Bayesian Optimization

Opening Discussion

Levels of Optimization Problem Solving

In general, we can divided the way to solve optmization problem into $3$ levels:

Level 0: Non-derivative, including some familiar approaches such as: Grid Search, Random Search, Bayesian Optimization, etc.
- Pros: Fast computation, do not require the function to be smooth, i.e. no differentiable required, the function need continous
- Cons: It is heuristic, not a theory-based method
Level 1: First-derivative. $∇f(x) = f(x_i)_i$. The most popular one is Gradient Descent (Adam, Nesterov, etc.)
- Pros: Efficient to converge in local minimum/maximum
- Cons: Computational since it requires backpropagation
Level 2: Second-derivatie. $J(f) = f(x_i, x_j)_{ij}$ (i.e. Newton)
- Pros: Very effective, faster convergence than level-1 method
- Cons: Significantly compuational

Bayesian Optimization is the one in level 0

Bayesian Optimization

When to use Bayesian Optimization

Supose that we are optimzing a function $f(x, \Theta)$ $\max_{\Theta}f(x,\Theta)$

We can consider Bayesian Optimzation if $f$ satisfy following conditions:

$f$ has to be continuous
$f$ is expensive to evaluate
$f$ is a blackbox. In other words, we don’t know characteristic of $f$ (convex, non-convex, derivative, etc.)

Fundementals of Bayesian Optmization

Instead of directly optimizing $f$, we approximate it by other easier evaluation function $P$, and define a strategy $u$ to optimize $P$

$P$ - Surrogate model:
- the alternative of $f$, easier to optmize
- Gaussian Process, etc.
$u$ - Acquisition function:
- strategy to optmize surrogate model
- Expected Improvement (EI), Upper Condidence Bound (UCB), etc.

In this article, we focus on the most popular surrogate model - the Gaussian Process

Gaussian Process

As mentioned, $f$ is black box and expensive to evaluate. Hence, the surrogate model should be an alternative that is easier to evaluate. A good intuition is to approximate $f$ as a distribution (normally Gaussian Distribution).
In other words, we consider $f$ as a Gaussian Distribution with mean $\mu(x)$ and standard deviation $\sigma^2(x)$

\[f(x) \sim \mathcal{N}(\mu(x), \sigma^2(x))\]

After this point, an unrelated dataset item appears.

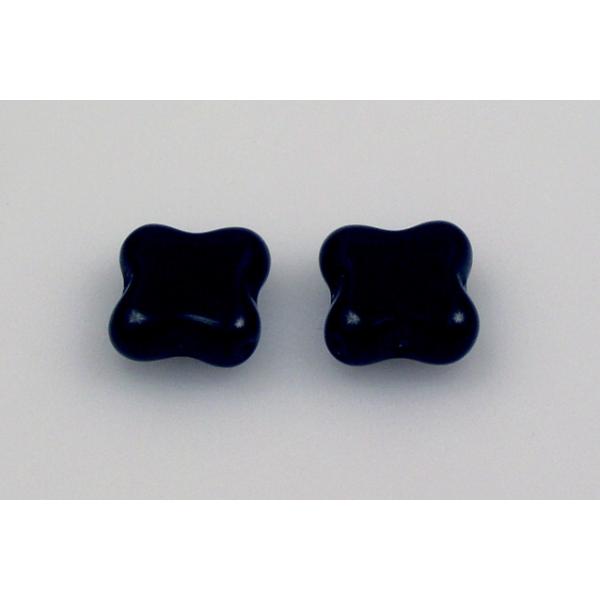 Pressed Beads 4-point star with diagonal hole 10 mm, Black (23980), Bohemia Crystal Glass, Czechia 11101317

Hence, the Gaussian Process $P$ has the Probability Density Function (PDF) as

\[P(f(x)=y) = \frac{1}{\sqrt{2\pi\sigma^2}} \exp{\frac{|y - \mu(x)|^2}{2\sigma^2}}\]

The figure below demonstrates it as a distribution approximation

Therefore, Gaussian Process makes use of Bayes Theory. Since we literally has no information about how $f$ looks like (the solid red line), we just has some initial observations (blue circle). The surrogate model gives us a probabilistic estimation of $f$ as a distribution (the area limited by dash red line)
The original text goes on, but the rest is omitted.